They drew 7 ml's of blood. I'm not sure how that was divided up for the titers and his bloodwork. The cost was $65 for the distemper/parvo titer. The rabies titer was very expensive. It was $130. There are only 3 labs in the US that do the rabies titer and it takes over 2 weeks to get back. (We are still waiting). I think it's expensive because rabies is governed by local and state law, so there's not much wiggle room. You can choose not to give regular vaccines. But it is the law to have rabies, or an exemption by your vet.


----------



## LostLakeLua (Sep 6, 2009)

Yeah; I haven't had any of mine vaccinated for distemper at all except for the initial ones. I admit I haven't done titers either; but I still haven't bothered to "booster" them since they're not required anyway.
The only one I'm having second thoughts on (except for rabies, which I'd gladly pay the price for) is bordetella/kennel cough. It's not required by LAW, but it IS required by a lot of the dog-friendly places I like taking mine too. Our humane society actually has a dog park to which the proceeds benefit; and it's never really busy so I'd love to take Kahlua there... but they do require they be vaccinated against bordetella; and I TOTALLY understand why... I'm just hesitant to give her anything that SHE doesn't need...


----------



## 2Cheese (Feb 21, 2010)

That's awesome Tracy!!! Addy is due for her vaccines next month and I was going to do titers as well. I was wondering though...will you have to do a titer every year for rabies?


----------



## Brodysmom (Jan 8, 2009)

2Cheese said:


> That's awesome Tracy!!! Addy is due for her vaccines next month and I was going to do titers as well. I was wondering though...will you have to do a titer every year for rabies?

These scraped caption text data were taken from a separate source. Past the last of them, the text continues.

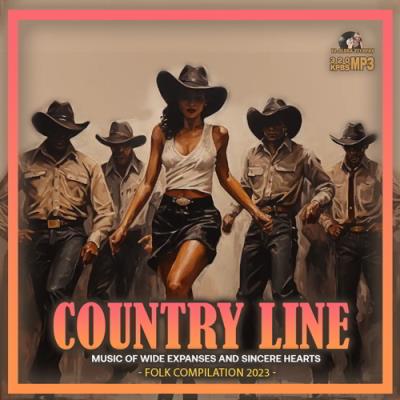 VA - Country Line (2023) (MP3)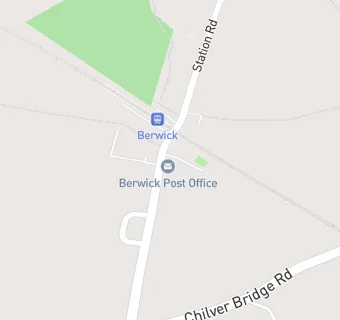 map for Berwick Post Office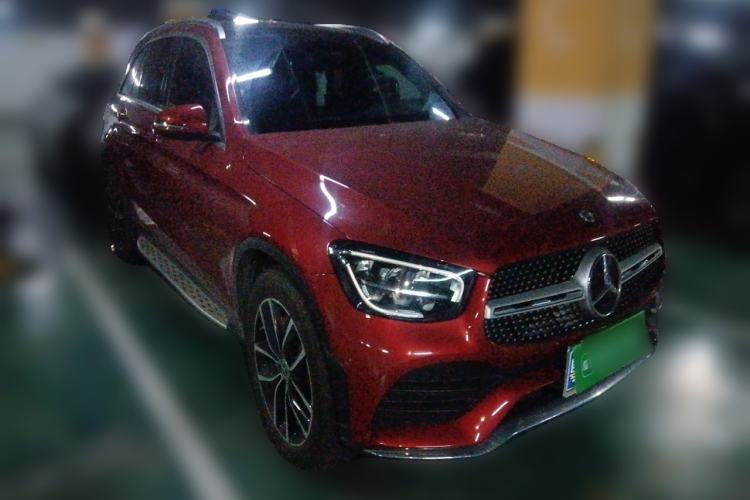 Used Mercedes-Benz GLC 2021 GLC 300 L 4MATIC Dynamic Model Front Right 45 Deg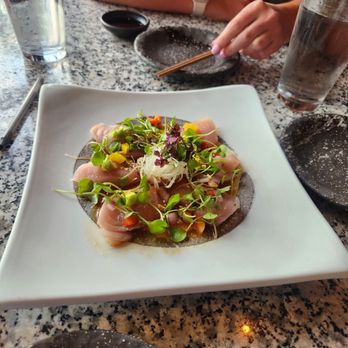 Sushi Den - Hon wasabi sashimi (catch of the day) - Japanese Near Me - Denver, Colorado Sushi Den - Hon wasabi sashimi (catch of the day) - Japanese Near Me - Denver, Colorado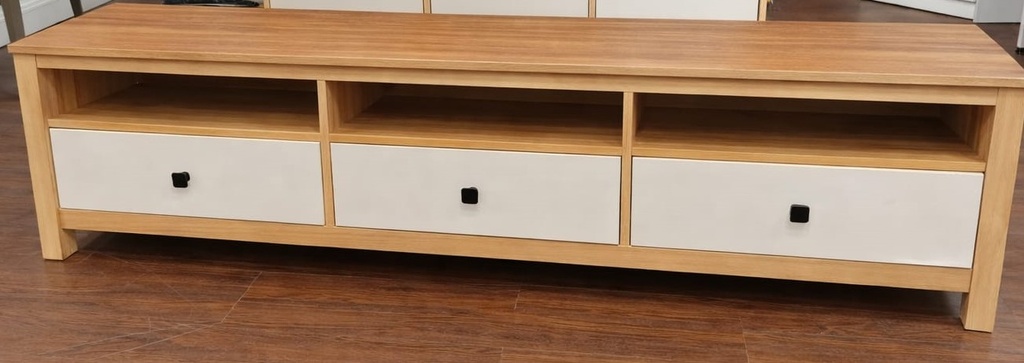 AUDIO VIDEO RACK 822A OAK BROWN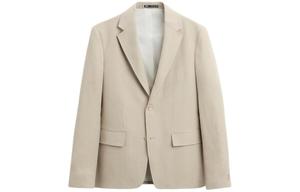 Деловой костюм мужской бежевый Zara, бежевый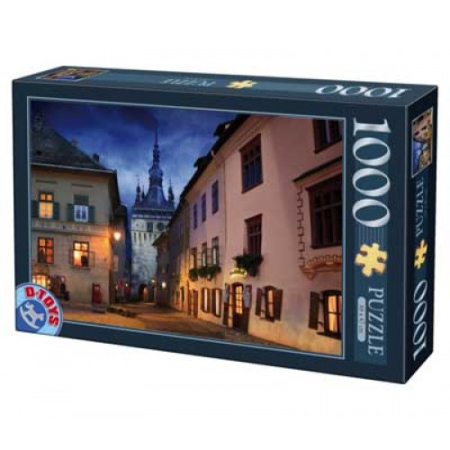 Puzzle - Puzzle 1000 - Imagini Din Romania Sighisoara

No, my vet gave me an exemption. So Brody is compliant with local and state laws. If his rabies titer comes back showing adequate immunity, and I believe it will - it's still pending, then he won't be vaccinated again. :hello1:


----------



## 2Cheese (Feb 21, 2010)

Brodysmom said:


> No, my vet gave me an exemption. So Brody is compliant with local and state laws. If his rabies titer comes back showing adequate immunity, and I believe it will - it's still pending, then he won't be vaccinated again. :hello1:


That's awesome!!!! Im going to talk to my vet!! I was just there the other day and asked him about Lacey's vaccine. She is 6mos now and Im still trying to hold off. He said he will not inject her with the full syringe. He doesnt feel the need to. So I find some comfort in that.

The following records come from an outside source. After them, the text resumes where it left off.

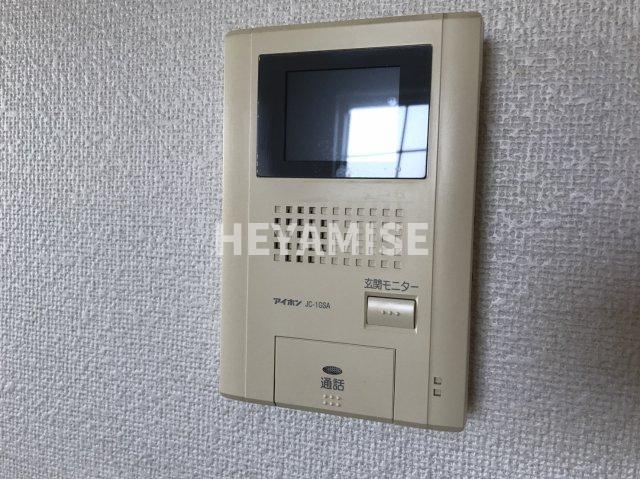 セキュリティ　※写真は別号室のもの※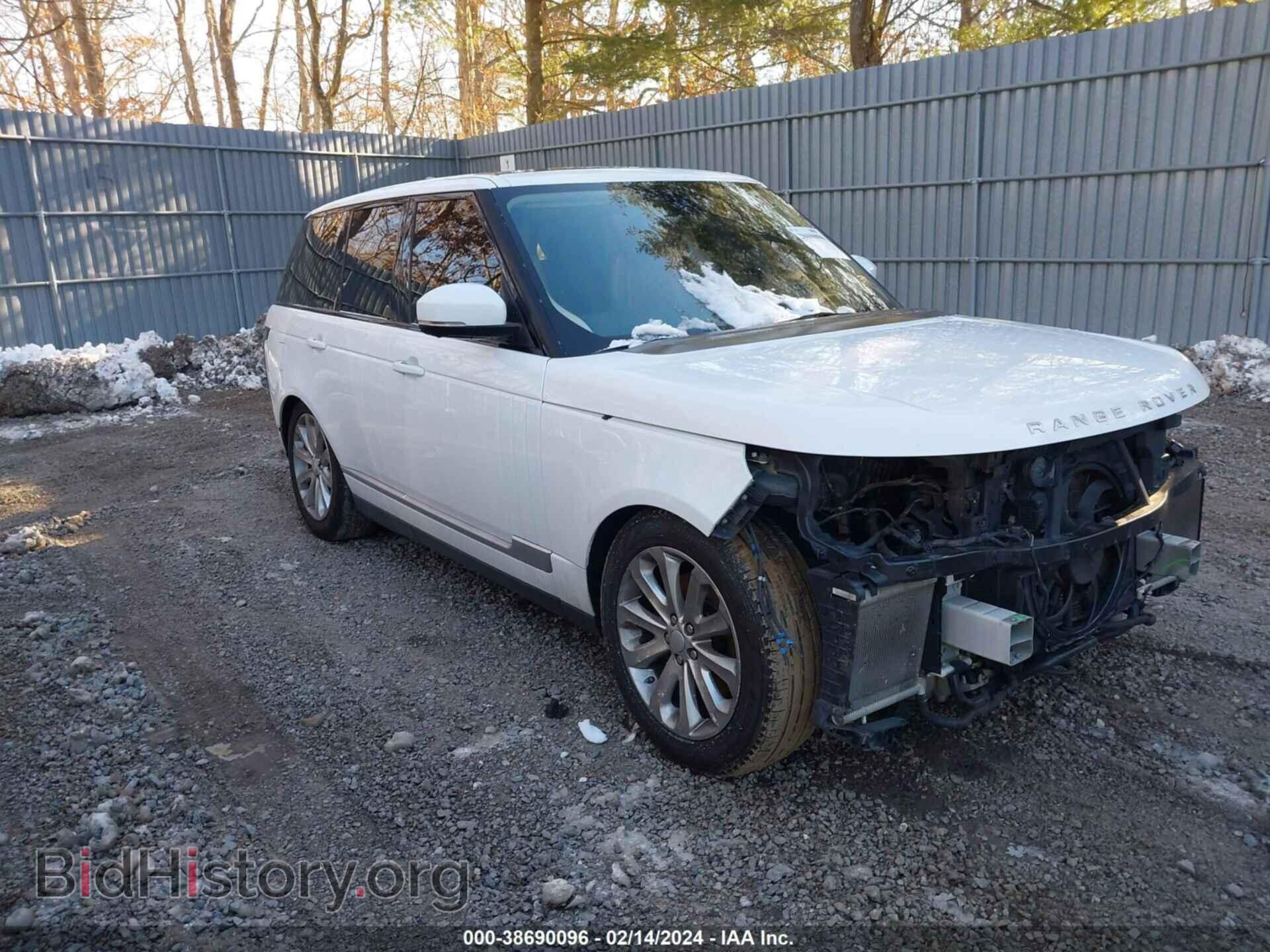 Photo SALGS2VF9FA241276 - LAND ROVER RANGE ROVER 2015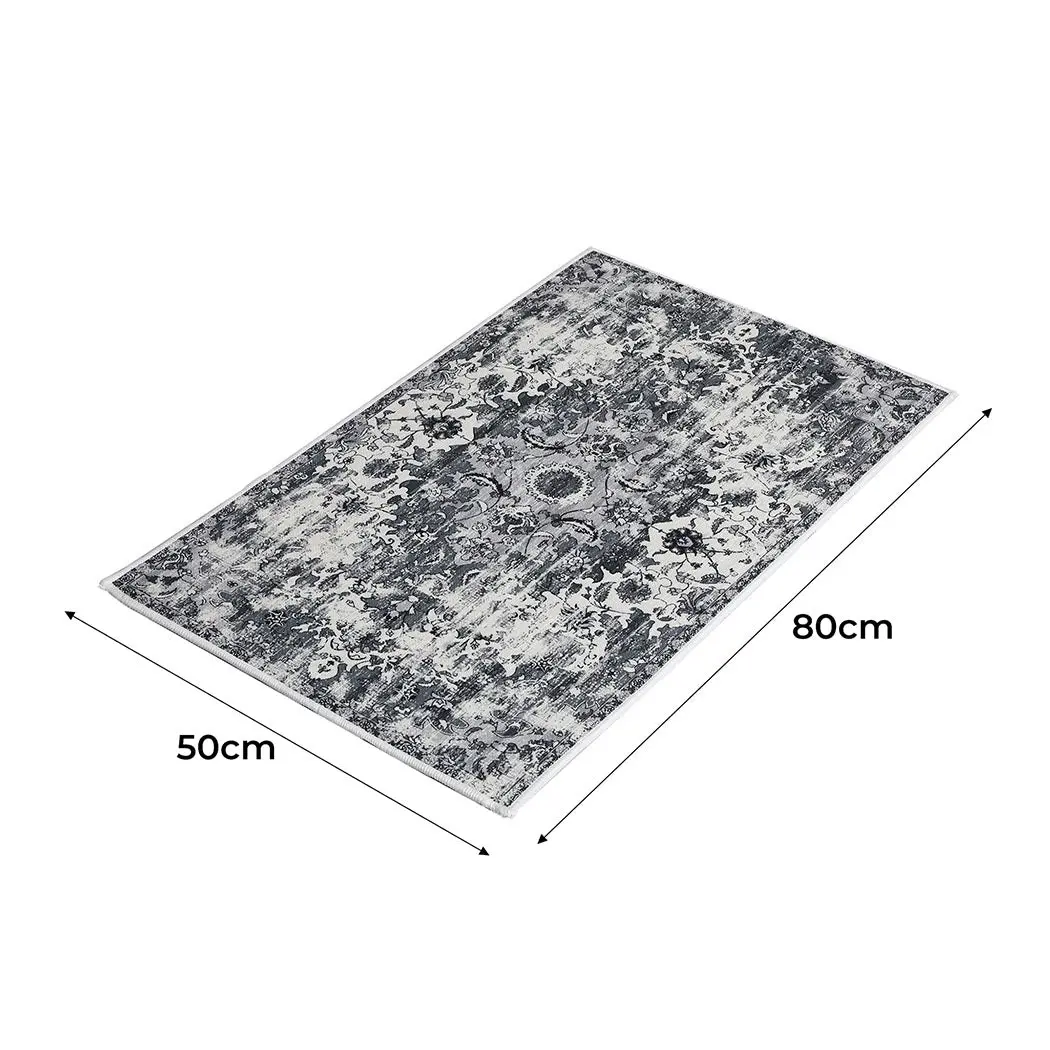 Marlow Floor Mat Rugs Shaggy Rug Large Area Carpet Bedroom Living Room 50x80cm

But dang....the price of the titer is worth the exemption :hello1:


----------



## Brodysmom (Jan 8, 2009)

2cheese said:


> but dang....the price of the titer is worth the exemption :hello1:


exactly.


----------



## huskyluv (Oct 24, 2008)

Awesome news Tracy! I'm sure his diet has a huge amount to do with his good health!

I normally choose not to titer test and do not vaccinate except for the 3 yr rabies. At over $100 a pop for titer testing. these dogs would leave me broke if I had them all done each year! My dogs have had all their adult boosters and I don't intend to ever vaccinate again, save for the rabies every 3 yrs as required by law. Still, my dogs aren't due for rabies until 2012 and 2013. 

Now I do get their bloodwork done and HW test done, just not the titer tests. Even without the titer tests my annuals for all 3 of my dogs is around $600-$700. :nscared:


----------



## Lisajazzi (Oct 27, 2010)

That's very interesting! My vet has said that the 1st year booster is worth doing and then after that not for at least 7 years. It's interesting to hear about the titer levels without a first year booster.


----------



## Brodysmom (Jan 8, 2009)

Val - I don't blame you on the titers! They add up quick. It's not something I will be doing again for awhile. I feel confident that his immunity is high and will stay that way. FYI - if you tell your vet that your dogs had a reaction to the vaccine (hives, swelling, itching, vomiting) - they will write you an exemption.  Just a thought.

Lisa - Yes to be honest I was curious too since he had only the 3 puppy shots and nothing else and still his immunity came back high. Your vet is very forward-thinking especially for being in the UK as all I've read says that the UK vets are still hanging on to the vaccinate every year mentality. I think they will come around, but it will take some time.


----------



## Kaila (Nov 10, 2009)

Thanks for the link Tracy!

"Expect to pay your veterinarian from $40 to $100 for CDV and CPV titer testing from a laboratory, and slightly less for an in-office test, for which your veterinarian must purchase the TiterCHEKTM test kit."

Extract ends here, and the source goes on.